How Lenin mutated Marx’s ideas to demonize capitalism and justify tyrannical state socialism
It was Lenin (1870-1924) much more than Marx who promulgated the false equivalence of colonialism and imperialism with free market capitalism. Imperialism is “state policy, practice, or advocacy of extending power and dominion, especially by direct territorial acquisition or by gaining political and economic control of other areas.” (Encyclopedia Britannica). Imperialism is a problem coming from governments either attacking other countries or failing to enforce laws against foreign aggressors. Imperialism exists independent of capitalism although historically there is a correlation. Due to stronger governments and better rule of law throughout the world, imperialism is not as common as it once was.

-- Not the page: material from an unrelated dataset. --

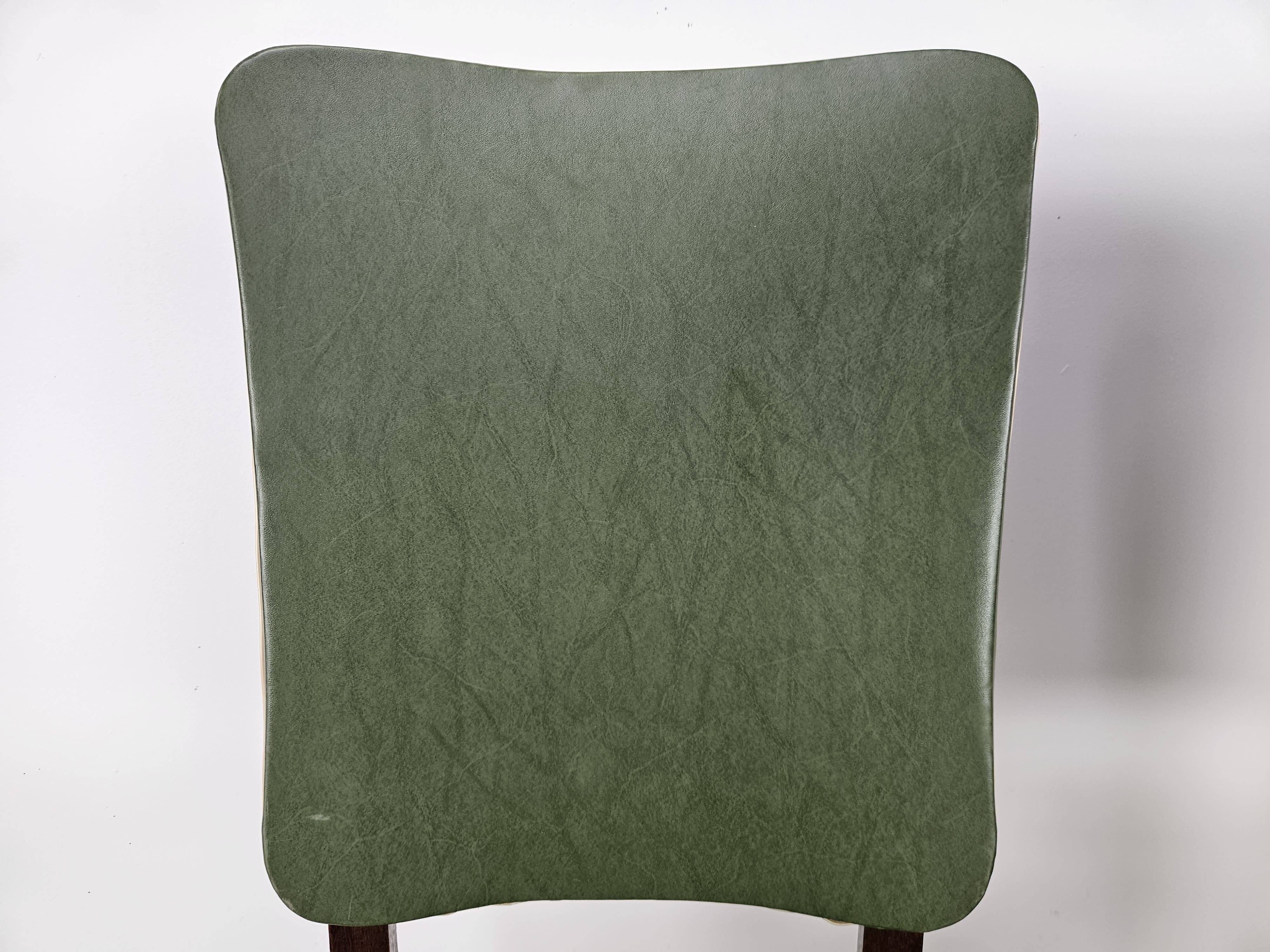 Set of 8 Art Decò oak dining chairs, 1950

Marx predicted the communist revolution was inevitable and would occur first in Germany. Instead it was in Russia that communism was born in 1917. Lenin distorted Marx’s thought, advocating that the communist state be run by a “vanguard party” which must brutally eliminate all dissent. Lenin is still idolized in Russia and held by many as more ethical than Stalin. However, in numerous documented cases Lenin ordered dissidents to be hanged or sent to work camps. Sadly, Lenin’s ideas were copied all over the world, leading to the preventable deaths of at least 90 million under communism. Even though since the collapse of USSR people have proclaimed that communism and state socialism are dead forever, the follies of communism and socialism are just as true and just as dangerous today as they were then. As F.A. Hayek warned in his book The Road to Serfdom, socialism inherently necessitates centralized planning, which inevitably leads to a totalitarian state.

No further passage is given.